═══ Material provided ═══

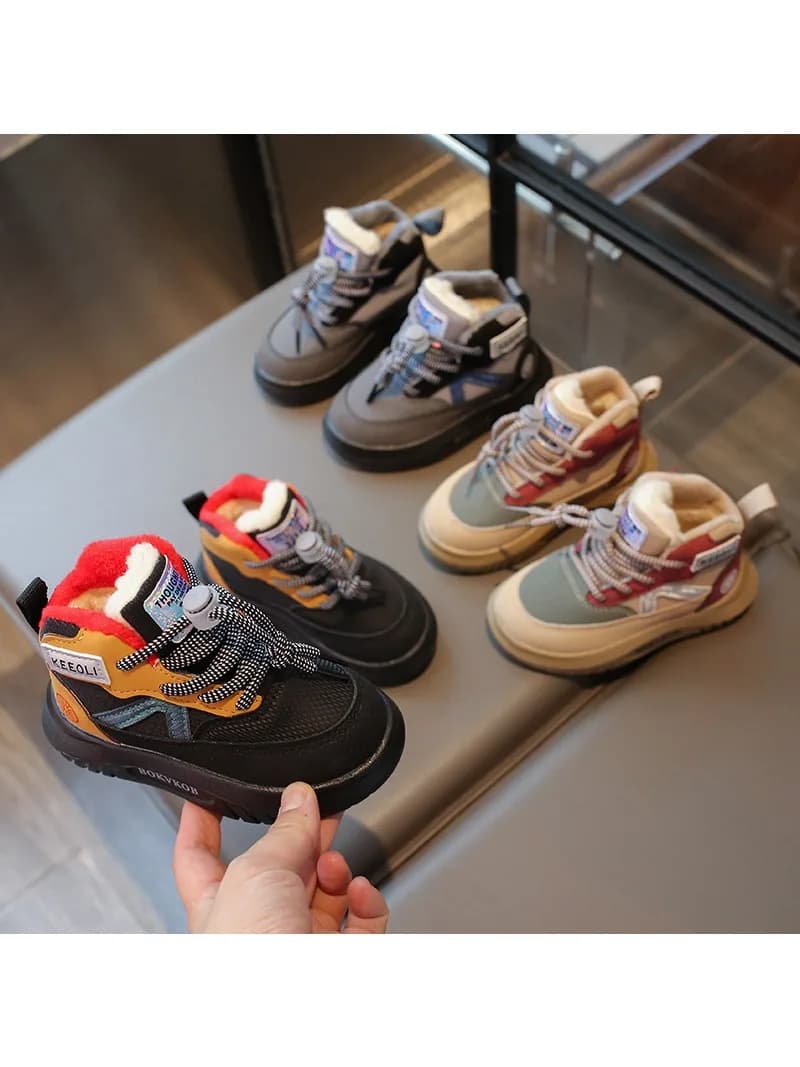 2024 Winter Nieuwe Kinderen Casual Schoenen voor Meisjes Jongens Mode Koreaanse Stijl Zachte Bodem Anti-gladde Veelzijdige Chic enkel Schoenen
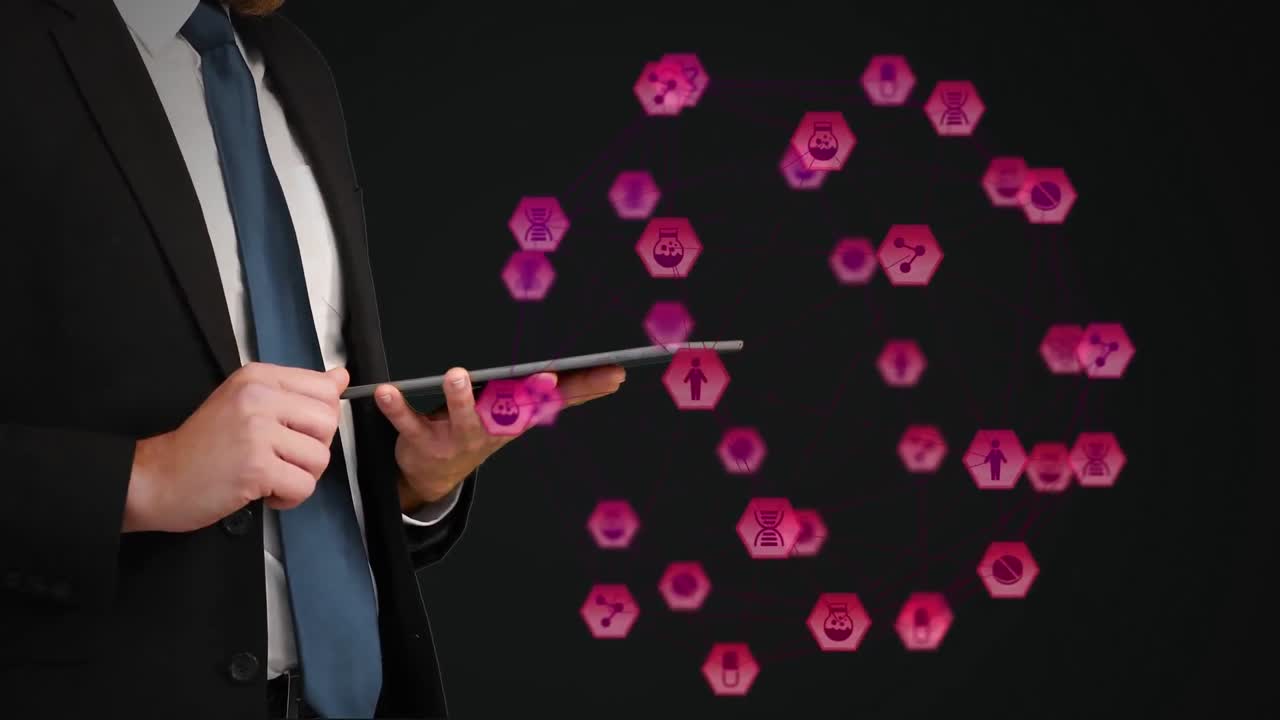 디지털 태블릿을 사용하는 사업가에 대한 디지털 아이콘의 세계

═══
═══ Material provided ═══

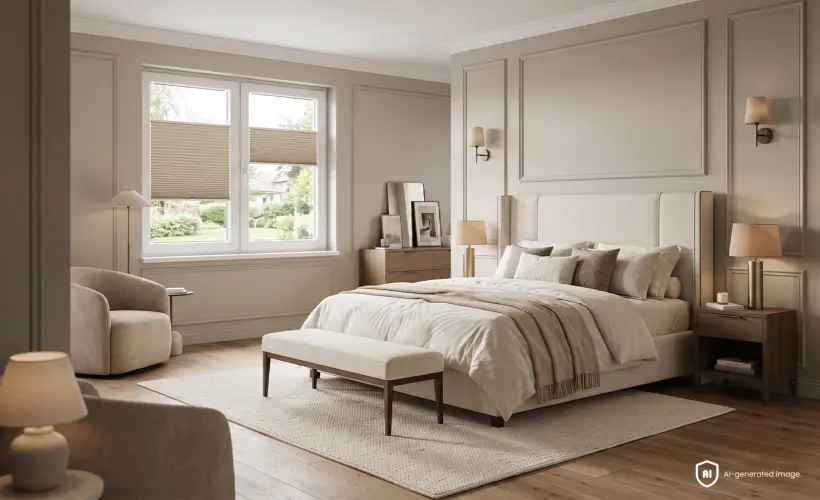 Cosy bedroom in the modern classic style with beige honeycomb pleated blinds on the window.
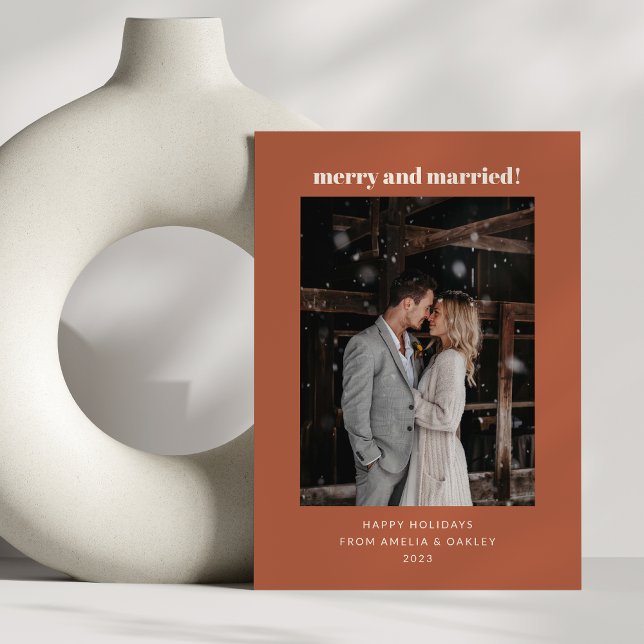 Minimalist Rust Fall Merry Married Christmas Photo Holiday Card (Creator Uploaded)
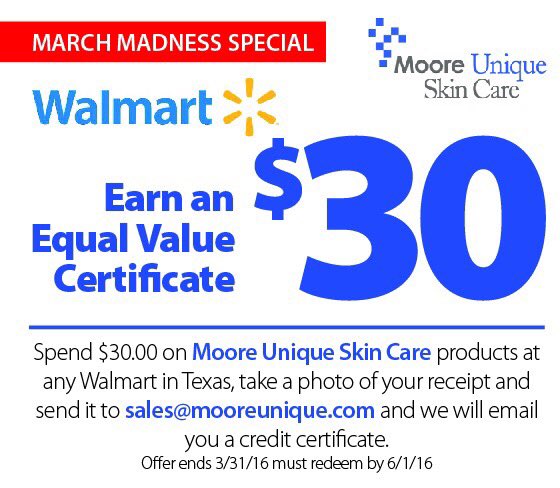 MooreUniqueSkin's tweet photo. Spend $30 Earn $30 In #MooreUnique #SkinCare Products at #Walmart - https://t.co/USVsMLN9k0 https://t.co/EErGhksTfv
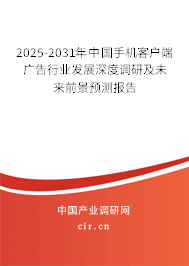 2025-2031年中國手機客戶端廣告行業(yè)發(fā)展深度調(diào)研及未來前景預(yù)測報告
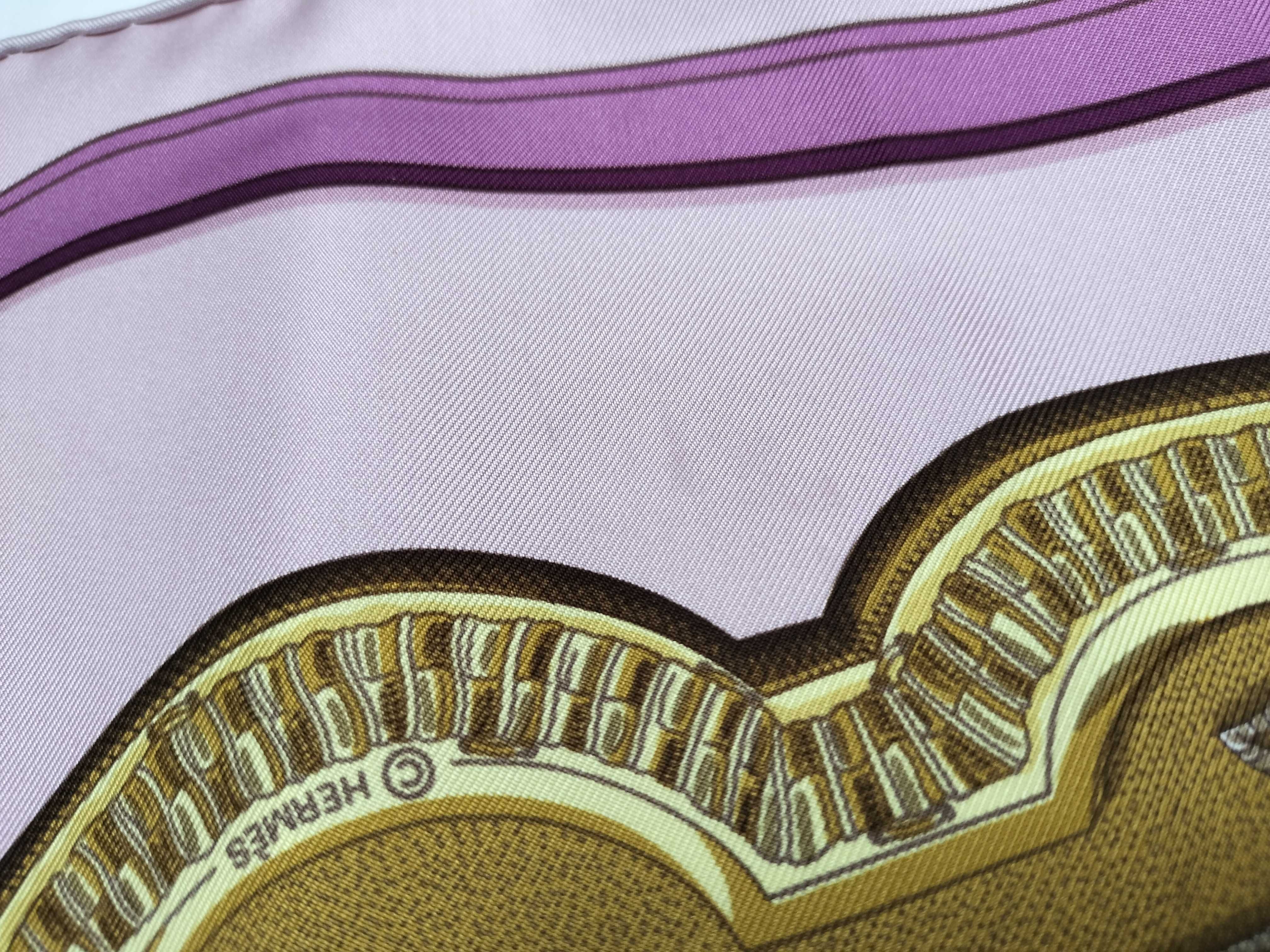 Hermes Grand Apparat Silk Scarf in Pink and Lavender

═══

Leave out every picture, and copy exactly the lines above starting at the one holding "2024 Winter Nieuwe" and ending at the one holding "디지털 태블릿을 사용하는 사업가에 대한 디지털 아이콘의 세계", no more and no less.

 2024 Winter Nieuwe Kinderen Casual Schoenen voor Meisjes Jongens Mode Koreaanse Stijl Zachte Bodem Anti-gladde Veelzijdige Chic enkel Schoenen
 디지털 태블릿을 사용하는 사업가에 대한 디지털 아이콘의 세계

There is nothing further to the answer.